START Data
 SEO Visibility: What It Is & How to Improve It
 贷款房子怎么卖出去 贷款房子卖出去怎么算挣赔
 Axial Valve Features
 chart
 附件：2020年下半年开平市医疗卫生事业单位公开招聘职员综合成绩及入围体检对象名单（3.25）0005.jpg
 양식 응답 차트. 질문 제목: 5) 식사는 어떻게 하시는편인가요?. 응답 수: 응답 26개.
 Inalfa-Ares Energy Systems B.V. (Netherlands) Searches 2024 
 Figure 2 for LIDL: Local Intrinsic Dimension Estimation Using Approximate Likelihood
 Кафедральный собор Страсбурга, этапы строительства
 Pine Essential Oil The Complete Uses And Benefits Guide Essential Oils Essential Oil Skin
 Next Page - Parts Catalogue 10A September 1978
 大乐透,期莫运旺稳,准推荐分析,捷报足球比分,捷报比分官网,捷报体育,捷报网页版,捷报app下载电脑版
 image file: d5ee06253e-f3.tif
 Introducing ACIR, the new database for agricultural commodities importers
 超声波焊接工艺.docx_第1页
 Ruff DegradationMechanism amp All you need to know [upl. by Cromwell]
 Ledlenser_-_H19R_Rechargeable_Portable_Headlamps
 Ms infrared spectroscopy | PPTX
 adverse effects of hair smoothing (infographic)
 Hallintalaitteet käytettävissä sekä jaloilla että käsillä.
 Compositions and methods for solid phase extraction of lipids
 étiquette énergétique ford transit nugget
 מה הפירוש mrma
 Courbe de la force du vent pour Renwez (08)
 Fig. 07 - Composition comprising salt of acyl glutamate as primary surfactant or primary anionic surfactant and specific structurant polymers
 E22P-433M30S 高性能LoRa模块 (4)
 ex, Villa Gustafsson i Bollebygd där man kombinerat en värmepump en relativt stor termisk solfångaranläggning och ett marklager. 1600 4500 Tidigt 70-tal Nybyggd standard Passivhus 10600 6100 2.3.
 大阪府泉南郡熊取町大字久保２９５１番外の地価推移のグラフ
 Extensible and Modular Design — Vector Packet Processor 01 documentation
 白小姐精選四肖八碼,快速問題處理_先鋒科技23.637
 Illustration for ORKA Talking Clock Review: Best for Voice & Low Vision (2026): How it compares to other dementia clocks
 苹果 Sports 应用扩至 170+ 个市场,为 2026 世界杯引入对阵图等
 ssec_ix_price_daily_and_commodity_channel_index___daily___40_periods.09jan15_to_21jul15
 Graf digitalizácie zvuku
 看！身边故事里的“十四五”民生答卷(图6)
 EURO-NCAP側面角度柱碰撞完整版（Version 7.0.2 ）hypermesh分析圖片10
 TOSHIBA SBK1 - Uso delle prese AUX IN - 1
END Data
## What you need to do
What is needed is a verbatim copy of every line in the records above from the one containing "Axial Valve Features" down to the one containing "מה הפירוש mrma", both included, and nothing more.

## Response to this exercise
 Axial Valve Features
 chart
 附件：2020年下半年开平市医疗卫生事业单位公开招聘职员综合成绩及入围体检对象名单（3.25）0005.jpg
 양식 응답 차트. 질문 제목: 5) 식사는 어떻게 하시는편인가요?. 응답 수: 응답 26개.
 Inalfa-Ares Energy Systems B.V. (Netherlands) Searches 2024 
 Figure 2 for LIDL: Local Intrinsic Dimension Estimation Using Approximate Likelihood
 Кафедральный собор Страсбурга, этапы строительства
 Pine Essential Oil The Complete Uses And Benefits Guide Essential Oils Essential Oil Skin
 Next Page - Parts Catalogue 10A September 1978
 大乐透,期莫运旺稳,准推荐分析,捷报足球比分,捷报比分官网,捷报体育,捷报网页版,捷报app下载电脑版
 image file: d5ee06253e-f3.tif
 Introducing ACIR, the new database for agricultural commodities importers
 超声波焊接工艺.docx_第1页
 Ruff DegradationMechanism amp All you need to know [upl. by Cromwell]
 Ledlenser_-_H19R_Rechargeable_Portable_Headlamps
 Ms infrared spectroscopy | PPTX
 adverse effects of hair smoothing (infographic)
 Hallintalaitteet käytettävissä sekä jaloilla että käsillä.
 Compositions and methods for solid phase extraction of lipids
 étiquette énergétique ford transit nugget
 מה הפירוש mrma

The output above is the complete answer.